1937年、盧溝橋事件を機に勃発した日本と中国の全面的な戦争。1941年12月には太平洋戦争に拡大し、第二次世界大戦の一部となった。1945年8月15日に日本軍の全面的は敗北で終わった。中国では共産党が抗日戦争を勝利に導いたことをその権力の正当性としている。

 1937年7月7日の盧溝橋事件に始まり、1945年8月15日、日本の敗北によって終わった日本と中国の戦争。日本(近衛文麿内閣)は宣戦布告をしなかったので、支那事変(当初は北支事変)と命名され(一般には日華事変とも言われた)、1941年12月からは「大東亜戦争」に組み入れられた。
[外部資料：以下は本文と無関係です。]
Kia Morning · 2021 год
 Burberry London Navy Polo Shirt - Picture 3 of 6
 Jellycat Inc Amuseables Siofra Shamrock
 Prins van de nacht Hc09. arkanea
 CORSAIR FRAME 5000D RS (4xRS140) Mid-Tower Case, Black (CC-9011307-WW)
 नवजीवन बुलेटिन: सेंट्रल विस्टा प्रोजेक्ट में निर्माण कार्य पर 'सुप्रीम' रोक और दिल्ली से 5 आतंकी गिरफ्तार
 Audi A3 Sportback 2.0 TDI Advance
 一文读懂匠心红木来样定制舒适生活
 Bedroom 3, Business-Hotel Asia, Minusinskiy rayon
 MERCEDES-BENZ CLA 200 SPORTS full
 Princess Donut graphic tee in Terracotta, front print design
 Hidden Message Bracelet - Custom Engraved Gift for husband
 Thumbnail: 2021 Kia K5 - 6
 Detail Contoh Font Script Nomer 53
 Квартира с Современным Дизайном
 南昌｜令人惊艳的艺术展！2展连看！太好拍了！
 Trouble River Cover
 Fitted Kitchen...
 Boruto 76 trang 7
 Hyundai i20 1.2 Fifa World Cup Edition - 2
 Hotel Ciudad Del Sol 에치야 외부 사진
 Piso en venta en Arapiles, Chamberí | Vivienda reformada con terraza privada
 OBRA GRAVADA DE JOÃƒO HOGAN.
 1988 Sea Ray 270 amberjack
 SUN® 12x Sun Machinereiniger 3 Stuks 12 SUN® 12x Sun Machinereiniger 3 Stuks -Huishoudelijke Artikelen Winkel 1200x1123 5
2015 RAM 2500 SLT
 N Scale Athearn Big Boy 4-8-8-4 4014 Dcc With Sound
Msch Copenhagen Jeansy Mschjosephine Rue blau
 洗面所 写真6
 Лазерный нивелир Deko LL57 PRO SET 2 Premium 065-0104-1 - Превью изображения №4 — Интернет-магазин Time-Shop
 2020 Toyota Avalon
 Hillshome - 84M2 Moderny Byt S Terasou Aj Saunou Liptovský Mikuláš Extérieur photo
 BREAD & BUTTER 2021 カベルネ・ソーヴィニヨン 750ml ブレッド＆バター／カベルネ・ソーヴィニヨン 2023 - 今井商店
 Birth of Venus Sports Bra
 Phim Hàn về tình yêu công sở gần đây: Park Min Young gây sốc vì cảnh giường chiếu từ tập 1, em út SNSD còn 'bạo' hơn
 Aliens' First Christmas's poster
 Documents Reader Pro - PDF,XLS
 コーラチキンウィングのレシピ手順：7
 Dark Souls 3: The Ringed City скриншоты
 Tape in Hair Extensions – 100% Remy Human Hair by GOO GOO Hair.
中国では中日戦争、抗日戦争という。
 日本はそれより先、1931年9月の満州事変で中国への侵略を開始しており、事実上の戦争は始まっていた。ただ、満州事変及び満州国建国に対して、当時中国は蔣介石政権と軍閥の抗争が続き、共産党勢力との内戦も深刻であったため、日本に対する抗戦らしい抗戦は出来ず、また1933年に塘沽停戦協定を締結現地での停戦が成立しているので、一般にはの段階は日中戦争に入れない。日本は日中戦争突入と共に、国家総動員法(38年)など国民生活を犠牲にした戦時体制がとられることとなる。

戦争の開始

 満州事変と満州国建国後も関東軍による内蒙古工作、支那駐屯軍による華北分離工作という中国内部への日本軍の侵略が続き、その動きはついに1937年7月の盧溝橋事件を機に全面的な日中戦争突入した。満州事変での経験から、日本軍は中国側の抵抗を過小に評価し、分裂状態にある中国に一気に軍事的圧力をかけることによって、降伏させられると考えていた。日本軍は、蔣介石政府は腐敗して国民から離反しているから弱体であろうし、共産党勢力も農民一揆程度の力量しかないと判断していた。陸軍大臣杉山大将は天皇に対し、戦争は短期間で終わると報告したが、実際には戦争は長期化し、日本敗戦の45年までつづくこととなる。

中国の対応

 前年の1936年12月には西安事件で国民党と共産党の提携の端緒が生まれ、日中戦争勃発を受けて1937年9月に第2次国共合作が成立した。国民党軍、共産党軍は内戦を停止して抗日民族統一戦線を結成し、一致して日本軍の侵略に対して抵抗することとなった。

戦争の経過

 日本軍は1937年11月の上海占領に続き、国民政府の首都南京の攻略に着手、12月に占領した。その際、大量の捕虜、民間人を虐殺する南京虐殺事件を起こした。翌1938年1月、近衛内閣は「国民政府を相手にせず」と声明し、蒋介石政権との講和交渉を打ち切った。
 戦争は長期化し、戦線拡大を強いられた日本軍は、38年3月には徐州作戦を開始、それに対して国民党軍は退路戦術をとり、黄河を決壊させて洪水を起こして日本軍の進撃を阻止しようとした。洪水によって多数の農民が命と土地を失った。さらに戦線を華南に転じ、同年10月には長江中流の武漢三鎮を攻略した。この武漢攻略戦で、日本軍は毒ガスを使用した。
 蔣介石の国民政府は長江上流の重慶に退き、ビルマ方面などから米英などの支援(援蒋ルート)を受け、共産党は八路軍など各地でゲリラ戦をつづけて抵抗した。日本軍は38年末に重慶爆撃を行うと共に、援蒋ルートの遮断を狙ってさらに南下し、香港など主要都市を占領したが、広大な大陸で点と線の支配にとどまり、戦争は泥沼化した。
 1939年にはモンゴル草原で関東軍はソ連軍と衝突(ノモンハン事件)して敗れ、北進をあきらめ、南進策をとって中国戦線の打開をはかることとなった。1940年3月には、親日政権として汪兆銘を擁立し、南京国民政府を樹立させて中国分断を図った。

太平洋戦争への延焼

 1940年5月、ヨーロッパで、ナチスドイツ軍がフランスを占領したことを受け、日本軍は援蒋ルートを遮断する目的で、1940年のフランス領インドシナ進駐(北部仏印進駐)を強行した。ついで41年の南部仏印進駐を実行したが、この動きは一気に米英との対立を深め、41年12月の太平洋戦争開戦となる。こうして日中戦争は太平洋方面に拡大されると共に、アメリカを戦争に巻き込み、第二次世界大戦に転換することとなった。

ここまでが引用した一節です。